Task statement:
Once the pictures are removed, restate the listing word for word.

Supplied data:
%%

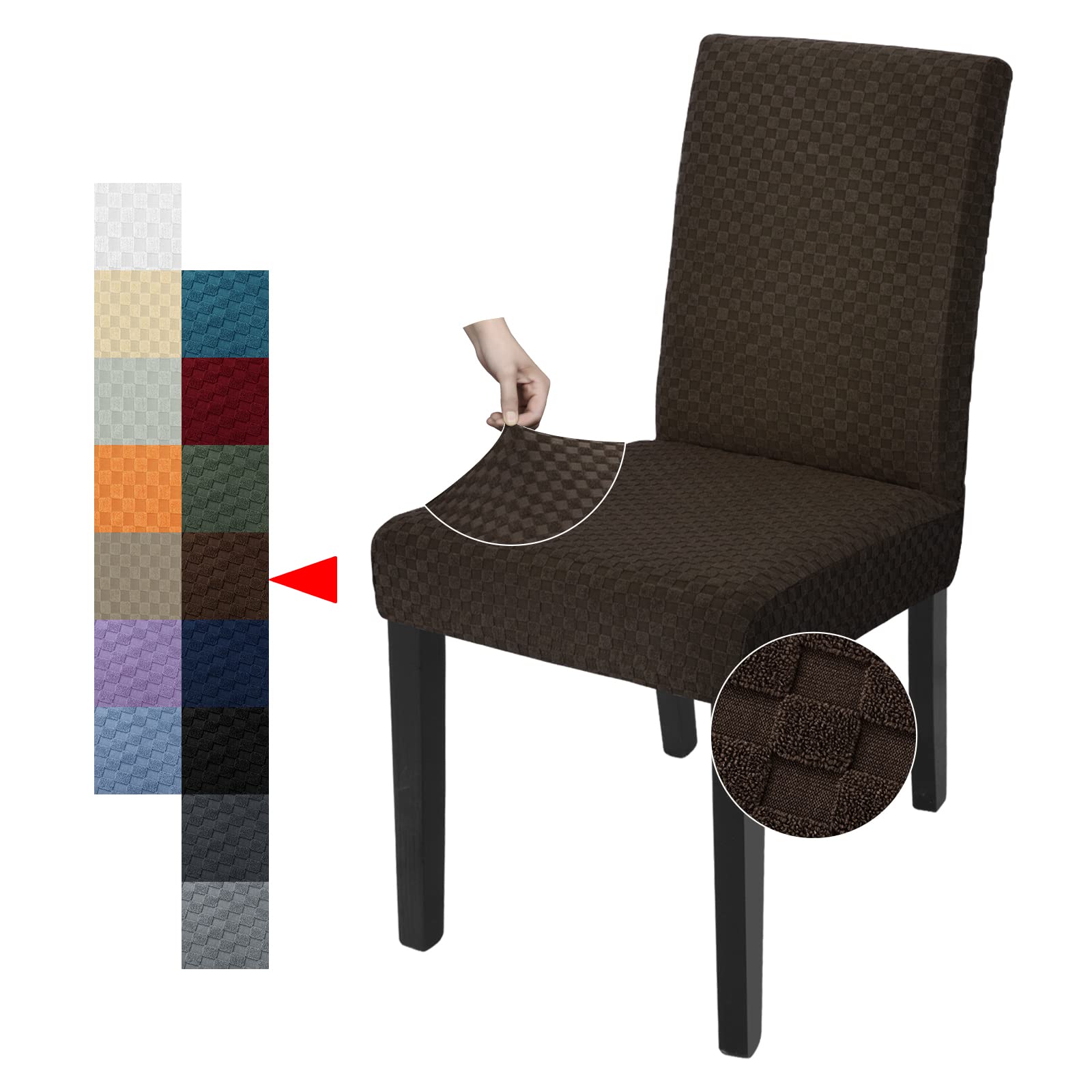 YEMYHOM 2 Pack Checkered Dining Chair Slipcovers - Stretch Parsons Chair Covers for Kitchen, Restaurant, Party - Dark Coffee Furniture Protector for Home & Commercial Use
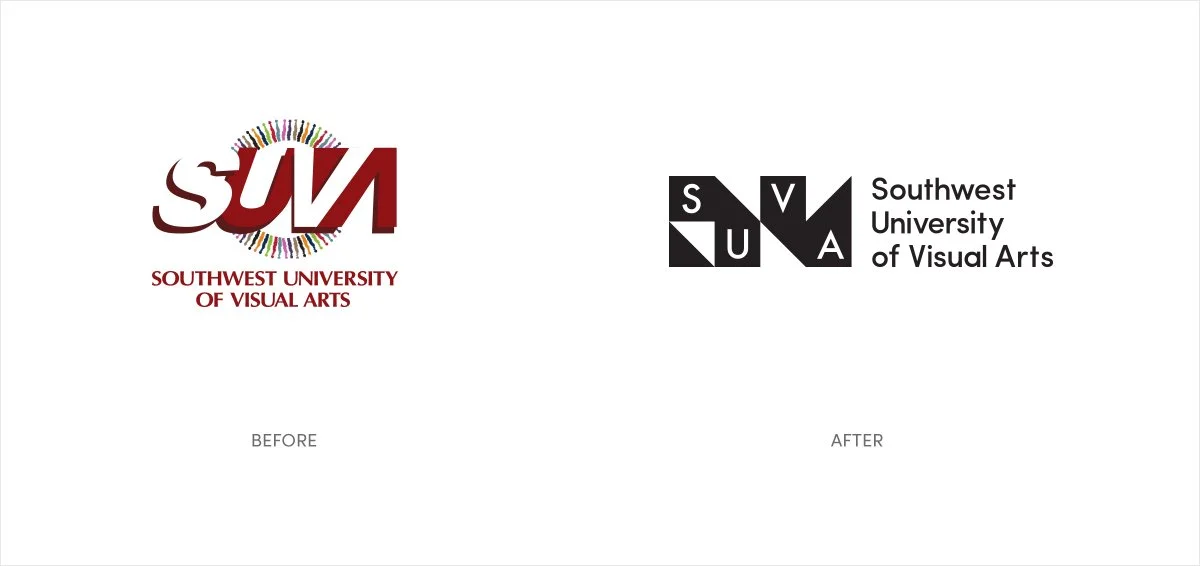 Comparison of two logos for Southwest University of Visual Arts, labeled 'Before' and 'After'. The 'Before' logo features stylized red letters 'S', 'U', and 'V' with a colorful circular design and the university's name below. The 'After' logo is in black and white, with the initials 'S', 'V', and 'A' in a bold, geometric style, accompanied by the full name of the university.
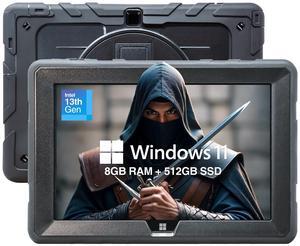 Fusion5 10.1" Windows 11 Full HD Rugged Tablet PC - 13th Gen CPU, 8GB RAM, 512GB SSD, 10 Inch, 5G WiFi, HD Webcam, Micro HDMI, Expandable Storage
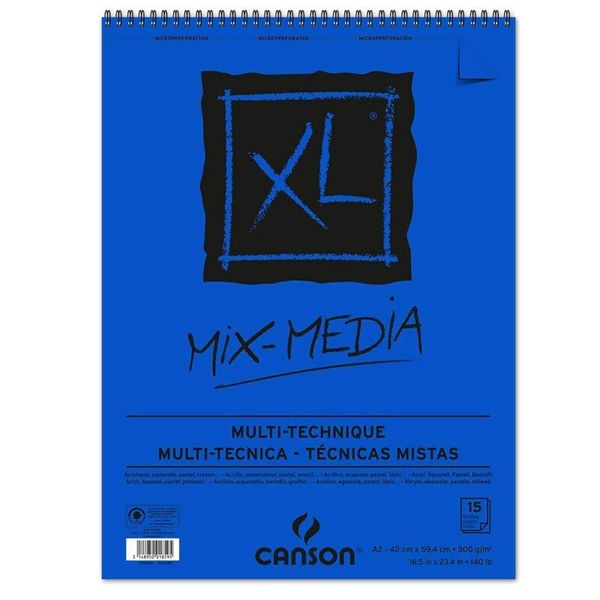 Альбом для смешанных техник Xl Mix-Media 300 г/м², A2 42х59.4 см, на спирали 15 л, Canson C200001859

%%

Answer area:
 YEMYHOM 2 Pack Checkered Dining Chair Slipcovers - Stretch Parsons Chair Covers for Kitchen, Restaurant, Party - Dark Coffee Furniture Protector for Home & Commercial Use
 Comparison of two logos for Southwest University of Visual Arts, labeled 'Before' and 'After'. The 'Before' logo features stylized red letters 'S', 'U', and 'V' with a colorful circular design and the university's name below. The 'After' logo is in black and white, with the initials 'S', 'V', and 'A' in a bold, geometric style, accompanied by the full name of the university.
 Fusion5 10.1" Windows 11 Full HD Rugged Tablet PC - 13th Gen CPU, 8GB RAM, 512GB SSD, 10 Inch, 5G WiFi, HD Webcam, Micro HDMI, Expandable Storage
 Альбом для смешанных техник Xl Mix-Media 300 г/м², A2 42х59.4 см, на спирали 15 л, Canson C200001859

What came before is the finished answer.